Assigned task = Retype the line where "Extra-Wide Retractable Mesh Dog Gate - Black" appears and each line that follows it down to the last line of the records below. Leave the pictures out.

Source records =
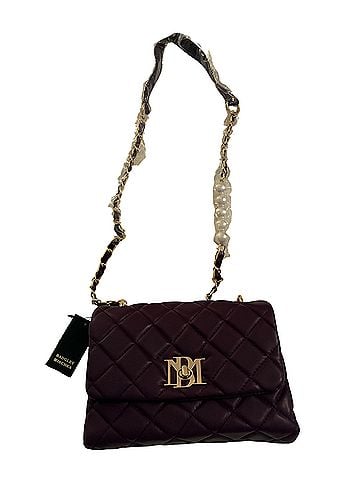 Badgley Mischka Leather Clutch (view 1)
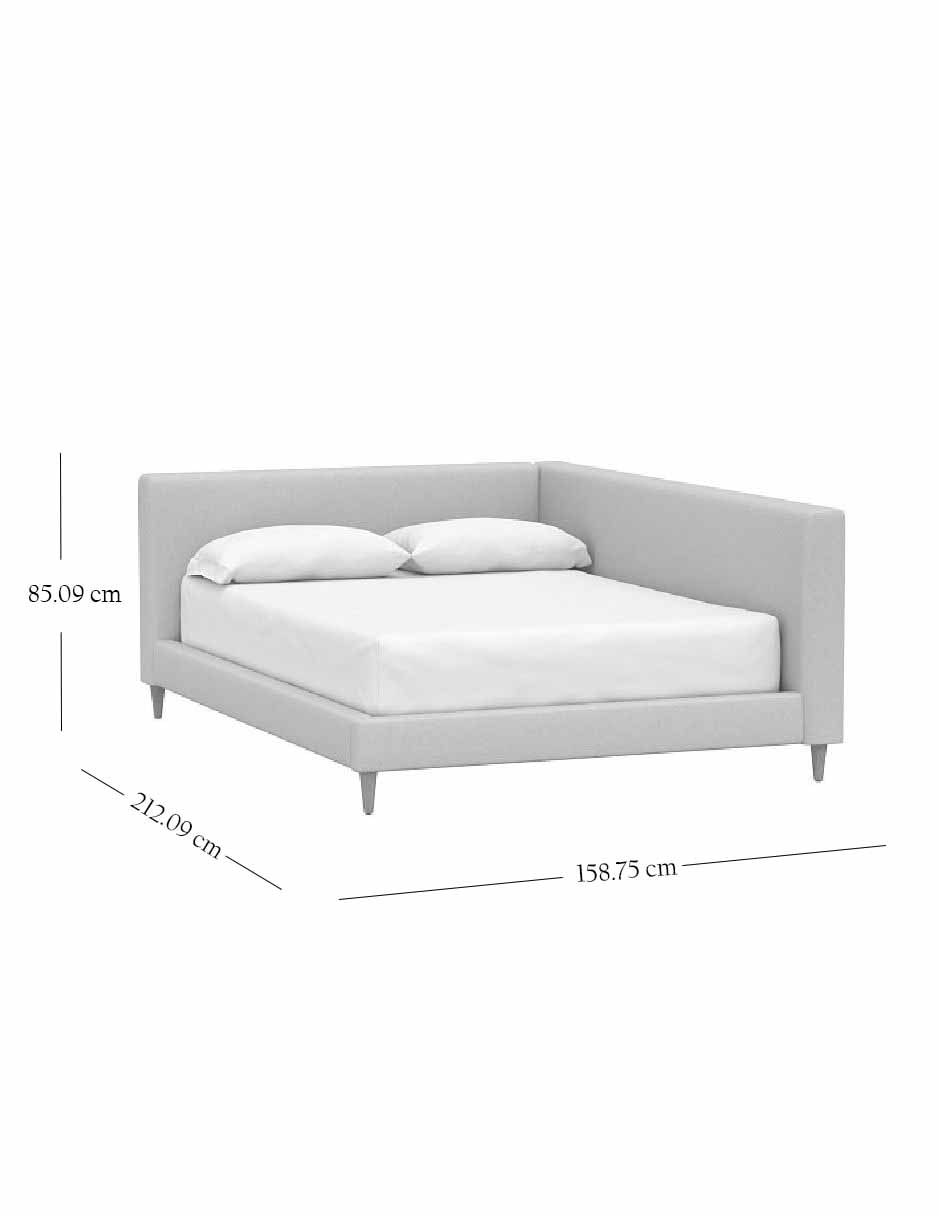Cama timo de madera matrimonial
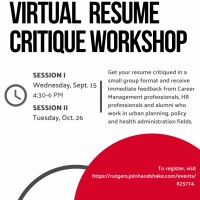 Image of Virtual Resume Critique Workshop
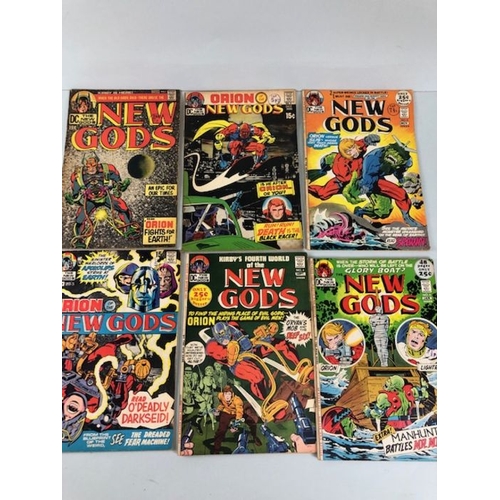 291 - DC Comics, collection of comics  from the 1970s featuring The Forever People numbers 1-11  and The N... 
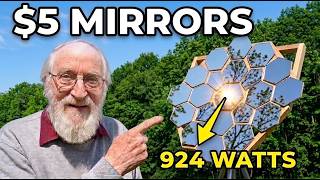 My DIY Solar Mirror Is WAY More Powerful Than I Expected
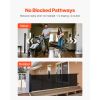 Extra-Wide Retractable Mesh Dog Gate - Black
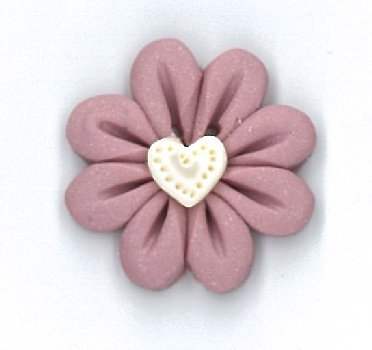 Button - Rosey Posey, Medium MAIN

Solution for this task =
 Extra-Wide Retractable Mesh Dog Gate - Black
 Button - Rosey Posey, Medium MAIN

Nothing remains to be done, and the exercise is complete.